What you need to do >>
Everything in the entries except the pictures should be copied exactly.

* * * *

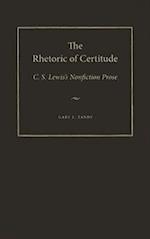 The Rhetoric of Certitude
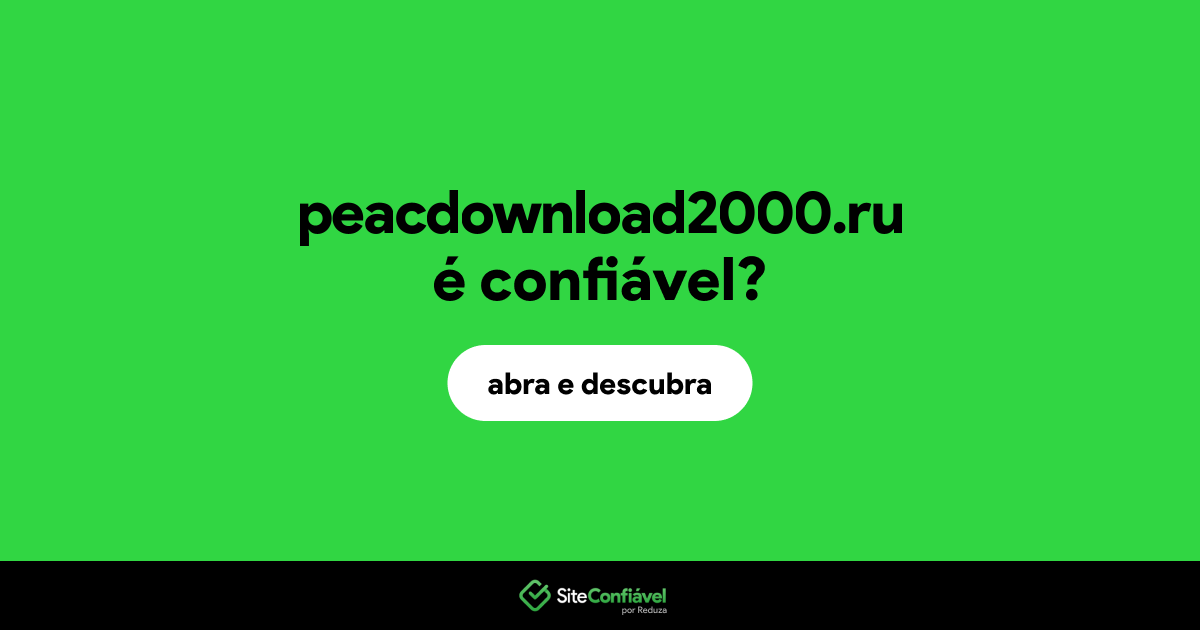O site peacdownload2000.ru é confiável?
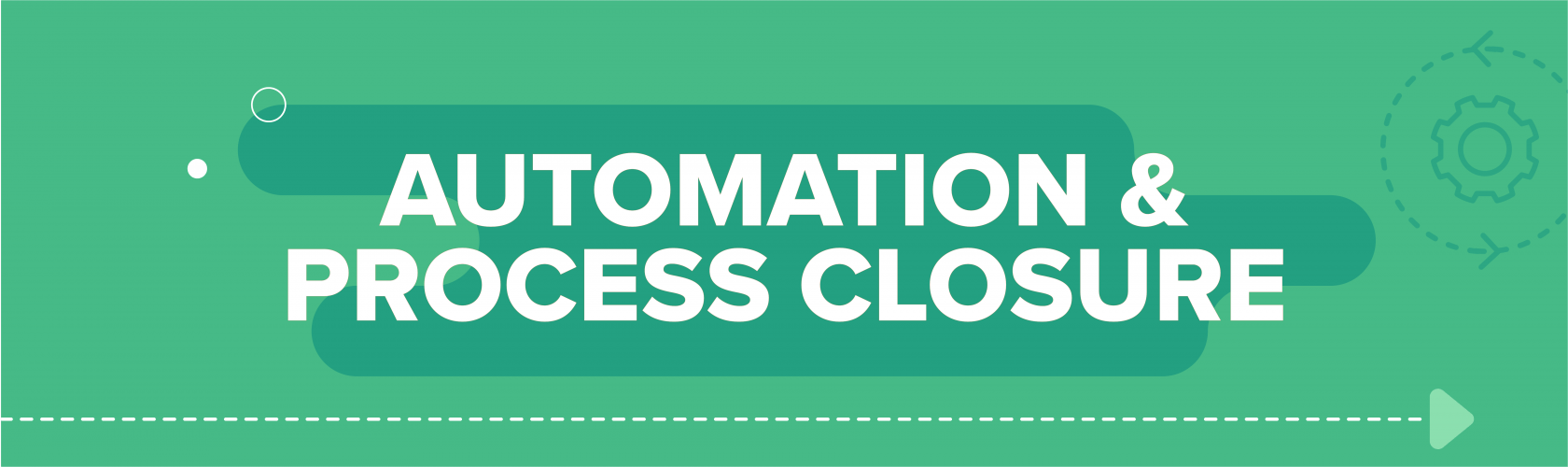 Automation and Process Closure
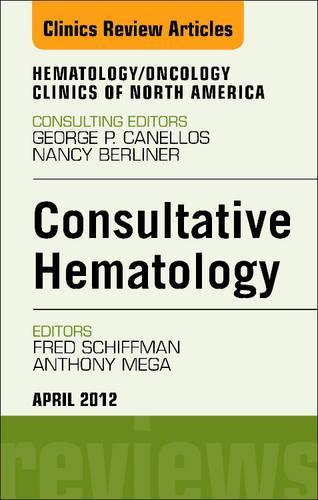 Consultative Hematology, an Issue of Hematology/Oncology Clinics of North America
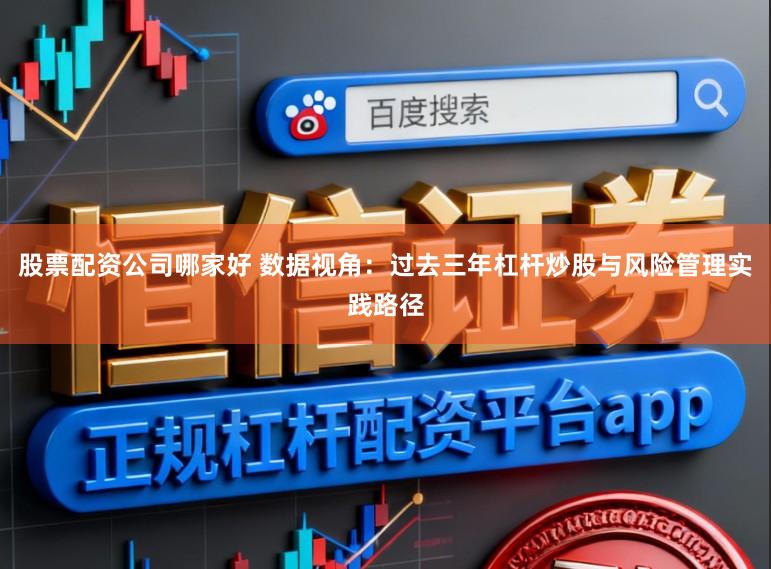 股票配资公司哪家好 数据视角:过去三年杠杆炒股与风险管理实践路径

* * * *

Output of the task >>
 The Rhetoric of Certitude
O site peacdownload2000.ru é confiável?
 Automation and Process Closure
 Consultative Hematology, an Issue of Hematology/Oncology Clinics of North America
 股票配资公司哪家好 数据视角:过去三年杠杆炒股与风险管理实践路径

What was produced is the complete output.